This is Part 3 of the Architecture series — showing how the 5 A’s reveal misalignment in a system, and why they are often the first places leaders notice something is off.
Every leader knows the frustration of trying to shift culture or energy without clear levers. That’s where the 5 A’s come in. They are the visible, tangible elements of Architecture — the ones you can actually design, adjust, and test.
The 5 A’s are:
- Agreements — the explicit commitments people rely on.
- Assignments — who holds which roles and responsibilities.
- Arrangements — the structures of meetings, decision flows, and communication.
- Artefacts — the tools, documents, and systems that carry the work.
- Access — the gateways of power, information, and resources: who holds them, and how open they are.
Why the 5 A’s matter
The 5 A’s are the part of the system leaders can see and touch. They are also where misalignments become visible first.
Agreements
Agreements start to bend or slip, and people stop trusting what is promised.
Assignments
Roles blur or duplicate, leaving people unsure who holds what.
Arrangements
Meeting rhythms and decision flows slow down, clogging calendars and momentum.
Artefacts
Documents, tools, and systems pile up or contradict one another, scattering focus.
Access
Information and power narrow to a few people, turning flow into bottleneck.
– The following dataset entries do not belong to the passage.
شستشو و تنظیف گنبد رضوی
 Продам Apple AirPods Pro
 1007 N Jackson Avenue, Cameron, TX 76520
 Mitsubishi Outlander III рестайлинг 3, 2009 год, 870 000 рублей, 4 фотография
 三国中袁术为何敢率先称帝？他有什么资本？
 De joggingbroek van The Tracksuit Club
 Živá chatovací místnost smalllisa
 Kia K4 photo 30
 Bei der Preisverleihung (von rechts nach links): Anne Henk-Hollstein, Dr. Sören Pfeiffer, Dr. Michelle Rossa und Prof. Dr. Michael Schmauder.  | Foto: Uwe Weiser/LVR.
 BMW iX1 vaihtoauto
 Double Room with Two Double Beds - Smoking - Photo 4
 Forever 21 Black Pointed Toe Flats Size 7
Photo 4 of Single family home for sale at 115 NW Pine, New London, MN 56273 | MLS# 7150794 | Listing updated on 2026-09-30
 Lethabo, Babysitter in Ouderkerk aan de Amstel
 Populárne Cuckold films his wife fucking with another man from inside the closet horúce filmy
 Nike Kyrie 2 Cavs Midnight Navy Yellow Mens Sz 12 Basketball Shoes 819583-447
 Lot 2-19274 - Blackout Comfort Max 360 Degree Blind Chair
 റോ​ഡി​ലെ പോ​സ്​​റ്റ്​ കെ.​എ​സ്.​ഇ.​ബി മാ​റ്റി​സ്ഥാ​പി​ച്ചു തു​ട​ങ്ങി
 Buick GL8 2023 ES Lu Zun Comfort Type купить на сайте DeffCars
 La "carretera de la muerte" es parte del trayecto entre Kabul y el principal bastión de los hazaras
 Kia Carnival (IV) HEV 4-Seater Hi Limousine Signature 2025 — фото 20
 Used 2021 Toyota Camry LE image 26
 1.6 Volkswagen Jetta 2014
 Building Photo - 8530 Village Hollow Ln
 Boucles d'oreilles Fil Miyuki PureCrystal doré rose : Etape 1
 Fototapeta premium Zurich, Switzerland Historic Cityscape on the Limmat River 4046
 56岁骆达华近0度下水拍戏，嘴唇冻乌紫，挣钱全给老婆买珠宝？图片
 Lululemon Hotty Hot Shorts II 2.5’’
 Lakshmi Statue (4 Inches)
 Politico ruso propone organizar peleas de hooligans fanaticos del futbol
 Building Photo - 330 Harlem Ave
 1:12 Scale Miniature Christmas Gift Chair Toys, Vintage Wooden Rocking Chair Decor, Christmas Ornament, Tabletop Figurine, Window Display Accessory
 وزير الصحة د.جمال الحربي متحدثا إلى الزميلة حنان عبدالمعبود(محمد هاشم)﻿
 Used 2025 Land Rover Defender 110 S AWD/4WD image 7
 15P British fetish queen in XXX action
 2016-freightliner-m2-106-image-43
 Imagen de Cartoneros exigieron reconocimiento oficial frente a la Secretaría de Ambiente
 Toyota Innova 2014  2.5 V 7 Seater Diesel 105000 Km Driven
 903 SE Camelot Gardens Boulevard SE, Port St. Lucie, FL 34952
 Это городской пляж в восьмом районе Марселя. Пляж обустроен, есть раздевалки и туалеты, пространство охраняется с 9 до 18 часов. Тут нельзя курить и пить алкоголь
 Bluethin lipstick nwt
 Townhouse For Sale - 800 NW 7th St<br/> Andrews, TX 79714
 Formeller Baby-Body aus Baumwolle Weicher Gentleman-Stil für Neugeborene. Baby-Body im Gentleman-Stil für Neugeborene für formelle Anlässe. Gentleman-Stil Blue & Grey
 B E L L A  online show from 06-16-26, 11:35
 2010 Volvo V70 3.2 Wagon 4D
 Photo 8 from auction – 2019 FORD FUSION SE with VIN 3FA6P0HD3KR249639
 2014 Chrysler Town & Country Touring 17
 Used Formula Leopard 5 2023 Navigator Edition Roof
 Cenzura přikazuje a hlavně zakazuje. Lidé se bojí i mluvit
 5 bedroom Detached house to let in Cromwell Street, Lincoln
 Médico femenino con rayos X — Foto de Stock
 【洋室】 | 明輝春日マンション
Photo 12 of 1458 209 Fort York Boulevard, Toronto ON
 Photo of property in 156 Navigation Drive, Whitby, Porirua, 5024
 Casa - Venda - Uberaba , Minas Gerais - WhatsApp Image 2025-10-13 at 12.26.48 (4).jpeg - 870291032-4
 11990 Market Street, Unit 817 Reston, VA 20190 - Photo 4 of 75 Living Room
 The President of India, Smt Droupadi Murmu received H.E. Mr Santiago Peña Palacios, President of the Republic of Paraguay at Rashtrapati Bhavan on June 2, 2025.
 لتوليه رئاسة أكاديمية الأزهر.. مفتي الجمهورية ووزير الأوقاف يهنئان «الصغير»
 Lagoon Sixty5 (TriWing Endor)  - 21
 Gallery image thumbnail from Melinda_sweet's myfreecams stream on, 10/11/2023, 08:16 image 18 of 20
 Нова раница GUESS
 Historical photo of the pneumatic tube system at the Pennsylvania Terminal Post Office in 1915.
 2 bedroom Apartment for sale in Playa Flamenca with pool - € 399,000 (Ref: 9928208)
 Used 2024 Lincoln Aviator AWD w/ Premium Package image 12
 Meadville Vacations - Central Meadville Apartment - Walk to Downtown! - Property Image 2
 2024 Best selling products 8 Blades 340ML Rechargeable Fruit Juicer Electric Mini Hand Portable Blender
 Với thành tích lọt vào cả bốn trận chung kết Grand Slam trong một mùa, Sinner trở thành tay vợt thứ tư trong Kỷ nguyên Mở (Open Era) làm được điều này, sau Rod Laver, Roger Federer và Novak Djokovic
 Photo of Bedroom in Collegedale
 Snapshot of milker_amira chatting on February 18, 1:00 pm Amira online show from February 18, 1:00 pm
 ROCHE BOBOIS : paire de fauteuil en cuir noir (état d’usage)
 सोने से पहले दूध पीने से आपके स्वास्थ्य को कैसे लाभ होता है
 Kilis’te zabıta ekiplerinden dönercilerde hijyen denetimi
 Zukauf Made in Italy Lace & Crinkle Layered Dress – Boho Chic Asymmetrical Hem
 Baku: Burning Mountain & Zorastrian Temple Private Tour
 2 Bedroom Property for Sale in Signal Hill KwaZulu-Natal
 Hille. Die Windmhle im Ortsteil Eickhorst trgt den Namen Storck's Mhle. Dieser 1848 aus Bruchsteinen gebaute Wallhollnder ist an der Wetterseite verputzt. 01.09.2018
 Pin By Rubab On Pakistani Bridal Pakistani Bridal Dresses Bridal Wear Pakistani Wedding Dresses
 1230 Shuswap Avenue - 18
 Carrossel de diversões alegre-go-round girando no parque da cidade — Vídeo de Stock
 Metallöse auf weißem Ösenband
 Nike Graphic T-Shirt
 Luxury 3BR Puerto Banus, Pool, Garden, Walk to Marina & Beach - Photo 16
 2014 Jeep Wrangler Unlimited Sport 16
When these distort, trust erodes fast. When they are aligned with essence, they are the clearest signal that a system is being rebuilt on truth.
The 5 A’s are the visible handles of Architecture. They are where essence and trust meet practice.
The 7 Foundations describe the conditions beneath the surface. The 5 A’s are the levers above it. Together, they form the diagnostic map we use in every Reveal Arc.
How leaders use the 5 A’s in design and testing
The power of the 5 A’s is that they can be shaped. Each one can be adjusted, prototyped, or tested without restructuring the entire system.
Clarify the current shape. What is the real agreement? Who is actually holding the assignment? How does the arrangement work in practice? Misalignment is often revealed simply by naming what already exists.
Adjust the lever. Precise, minimal shifts create more impact than sweeping changes: a cleaner agreement, a reassigned responsibility, a lighter meeting rhythm. Each A can be refined without destabilising the whole system.
Test the effect. A good adjustment shows up quickly — friction drops, clarity rises, energy returns. If it doesn’t, you’ve adjusted the wrong A or the wrong layer.
The aim isn’t perfection. It’s the smallest structural move that restores flow.